L'Église des années quatre-vingt dix fait penser à un malade en début de convalescence se relevant d'une opération très lourde, d'une longue et profonde anesthésie. La période de réhabilitation, de reconstitution des forces et des moyens, spirituels pour commencer, requérait amour éclairé et énergie. Le défunt patriarche disposait sans conteste de ces qualités. La preuve en est qu'il nous laisse une Église en plein épanouissement spirituel, structurel et intellectuel. Une Église ayant su reconstituer à partir de zéro le prestige dont elle bénéficie aux yeux du monde. Lors des putschs communistes ratés de 1991 et de 1993, l'Église conduite par Alexis II a contribué à l'échec de ceux qui, encore la veille, étaient ses bourreaux. Une autre réaction à ces menaces était-elle concevable ?

C'est peu avant son rappel à Dieu que Sa Sainteté a consacré par sa signature le rapprochement entre les deux branches de l'Église Russe, aboutissement logique de la chute du régime déicide.

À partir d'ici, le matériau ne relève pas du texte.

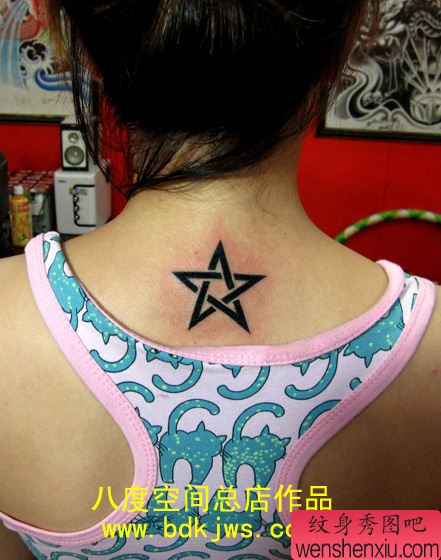 一幅超酷的颈部图腾太阳纹身图案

Aux yeux du monde chrétien non orthodoxe, de Rome ainsi que de l'ensemble des formations protestantes, le siège patriarcal de Moscou a su conquérir le respect, devenir un interlocuteur et un partenaire de choix dans la résistance que la chrétienté doit opposer à la sécularisation, à l'offensive d'un agnosticisme agressif. Ce statut privilégié a été conquis sans qu'ait été acceptée la moindre concession dans le domaine de la foi, sans qu'aient été appauvrie la Tradition, sans qu'il y ait eu d'écarts par rapport aux canons. Seuls les tenants les plus zélés de la stagnation généralisée se hasardent à reprocher à l'Église des dernières décennies de s'être écartée de l'orthodoxie et de la Tradition.

Le successeur d'Alexis II ne saurait, cependant, se contenter de maintenir le cap fixé par le défunt patriarche.

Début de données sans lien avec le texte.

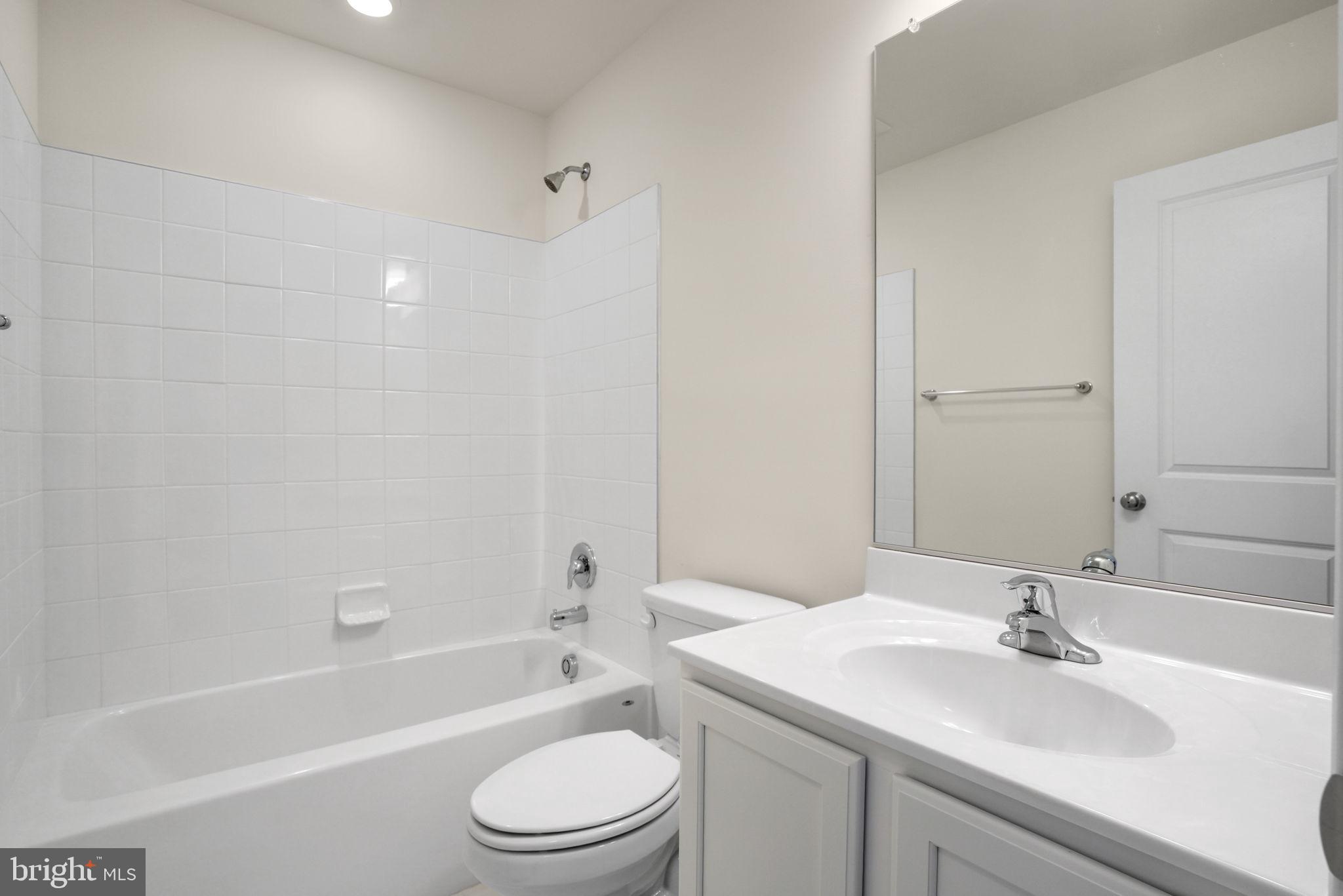 CAPTAIN'S COVE - Residential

Il est osé pour un parisien d'essayer de formuler les priorités qui devraient inspirer le futur primat de l'orthodoxie russe. Deux orientations viennent en premier à l'esprit. D'abord, même si cela peut paraître surprenant, la mission. Non parmi les Inuits ou la population du Maghreb, mais chez les habitants des HLM dans toute la Fédération de Russie, les pensionnaires des camps de rééducation par le travail et des prisons, dans les écoles, les centres de recherche, parmi les jeunes habitués des sorties en boîte… Mission également dans le monde de la presse : hier encore la télévision a eu l'impudence de solliciter ses spectateurs à choisir leur préféré entre Lénine et Stolypine ! Les médias servent pour pâture à leur public le brouet le plus insipide.

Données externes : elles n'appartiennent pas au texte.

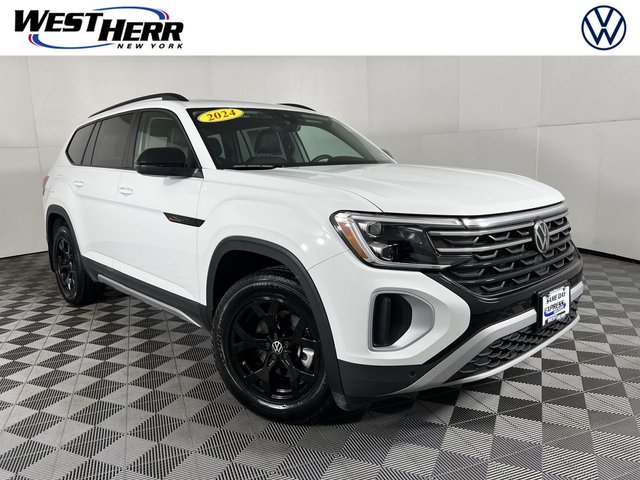 2024 Volkswagen Atlas 2.0T Peak Edition SE w/Technology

Il faudra trouver les approches, le langage, les images auxquels seraient réceptives les masses qui empruntent les lignes des métros dans les grandes agglomérations. L'évidence est que l'écrasante majorité des passagers n'ont que la représentation la plus confuse du Créateur, ils se contentent d'un vague souvenir du goût qu'ont les mets traditionnels de Pâques. Établir le contact est l'une des futures priorités essentielles de l'Église de demain. Il convient de faire reculer l'indifférence à l'égard du concept même de religion. Cette désaffection est malheureusement l'une des réussites les plus durables des bolcheviks. Réussite, hélas, d'autant plus marquée dans les milieux de l'intelligentsia.

Approfondir l'interaction créatrice avec l'Église catholique, telle sera l'une des tâches de l'Église russe dans ses rapports avec le monde extérieur. Il reste également beaucoup de « points chauds » dans les relations interorthodoxes : la situation en Estonie est difficilement acceptable, le patriarcat de Moscou y a été lésé d'une partie considérable de son patrimoine au profit des structures ecclésiales du patriarcat de Constantinople qui bénéficie du soutien du gouvernement de Tallin. La scission s'est installée en Ukraine. La visite de Sa Sainteté Alexis II en Ukraine, l'été dernier, s'est déroulée dans une ambiance de brutalité et de discourtoisie telles que cela n'a pas contribué à prolonger les jours sur terre du patriarche russe. Une normalisation des relations avec Constantinople s'impose : le patriarcat de Constantinople, revenant à ses prérogatives premières et renonçant à ses projets d'appropriation de tout ce qui, à la suite des révolutions et des guerres, donne l'impression d'être en déshérence dans le monde orthodoxe.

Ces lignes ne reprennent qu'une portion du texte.